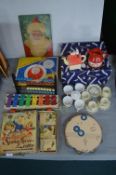 Vintage Toys Including Snoopy Tea Set, Pop-Up Christmas Books, Spirograph, etc.
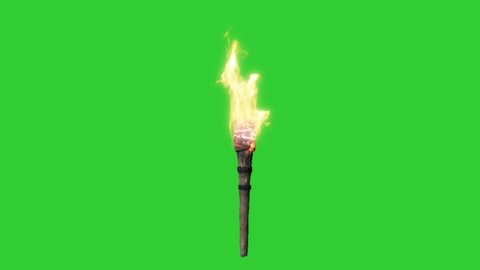 3d vintage fire torch green screen footage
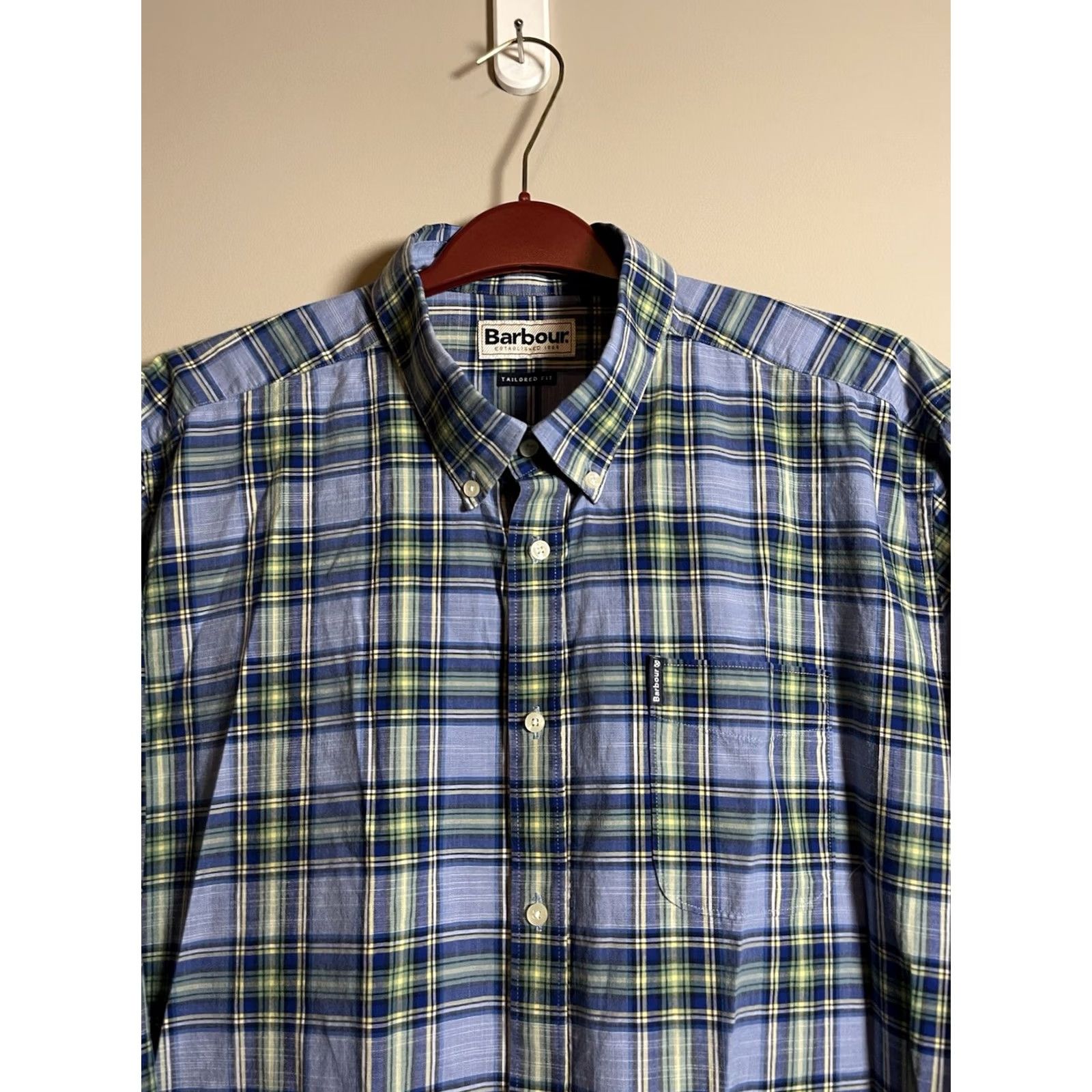 Barbour Barbour Shirt Button-Up 100% Cotton Tailored Fit Blue Plaid XL Men's Button-Down Collar Vintage No Size US XL / EU 56 / 4 - 2 Thumbnail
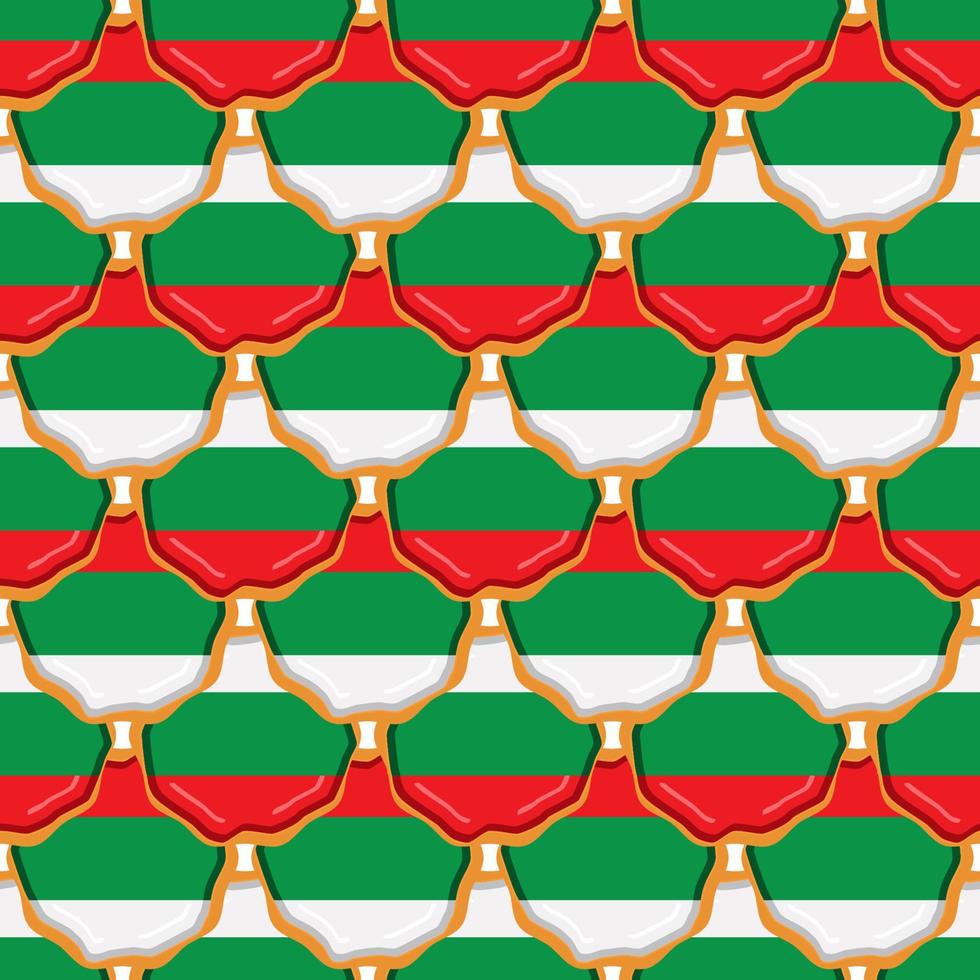 Pattern cookie with flag country Bulgaria in tasty biscuit vector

--*--

Return the whole listing, word for word, and leave out every picture.

 Vintage Toys Including Snoopy Tea Set, Pop-Up Christmas Books, Spirograph, etc.
 3d vintage fire torch green screen footage
 Barbour Barbour Shirt Button-Up 100% Cotton Tailored Fit Blue Plaid XL Men's Button-Down Collar Vintage No Size US XL / EU 56 / 4 - 2 Thumbnail
 Pattern cookie with flag country Bulgaria in tasty biscuit vector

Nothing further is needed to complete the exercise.